Anyone who has ever read a novel in translation - anyone with an interest in modern literature - owes a huge debt to translators, an elite few of whom have elevated translation to an art. Even so, any reader will acknowledge that the business of transferring literature from one language to another must sacrifice something between the original and the new version. Lyngstad appears to believe that the success of his translation lies in denouncing previous translations. He writes in his outrageously aggressive preface:

"Both the English rendering of 1899 by George Egerton, alias of Mary Chavelita Dunne, and Robert Bly's American one of 1967 have egregious flaws that might cause any author to despair of ever being understood beyond the confines of his or her own national culture."

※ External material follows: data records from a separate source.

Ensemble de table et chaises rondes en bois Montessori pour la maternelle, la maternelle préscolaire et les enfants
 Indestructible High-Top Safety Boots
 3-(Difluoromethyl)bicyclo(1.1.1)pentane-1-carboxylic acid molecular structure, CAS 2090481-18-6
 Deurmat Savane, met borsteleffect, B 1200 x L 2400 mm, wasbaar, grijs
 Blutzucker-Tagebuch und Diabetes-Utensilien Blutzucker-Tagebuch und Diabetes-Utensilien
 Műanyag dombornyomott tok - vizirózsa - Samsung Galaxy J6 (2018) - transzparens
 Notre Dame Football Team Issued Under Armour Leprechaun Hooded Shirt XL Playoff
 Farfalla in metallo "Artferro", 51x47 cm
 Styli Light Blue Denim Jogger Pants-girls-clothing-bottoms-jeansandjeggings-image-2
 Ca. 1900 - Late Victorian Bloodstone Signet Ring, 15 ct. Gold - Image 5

In attacking Bly's version, Lyngstad churlishly declares: "Automobile manufacturers have a long-standing tradition of recalling cars that are defective. We all understand why there might otherwise occur damage to and loss of human life. It is a pity that publishers do not take potential cultural damage with equal seriousness, damage to the writer's reputation and to all those who are deceived into believing that they have a reasonably reliable text in front of them. The American translation of Hamsun's Hunger is definitely due for recall.

Forewords and prefaces are meant to enhance a text, to place the work within a wider context and provide the reader with more information. McLean's lightweight foreword compares poorly with the thoughtful introduction written by Isaac Bashevis Singer to accompany the 1967 American edition translated by Robert Bly, whose translator's preface is also excellent. Lyngstad's preface is a disgrace.

Before writing Hunger, Hamsun had spent two periods working in the United States. and the novel in its urgency has an American feel to it. Hamsun would later move on to more epic scale, and won the 1920 Nobel Prize for Literature. His pro-Nazi stance certainly affected his literary status. He lived until 1952, when he died at the age of 93.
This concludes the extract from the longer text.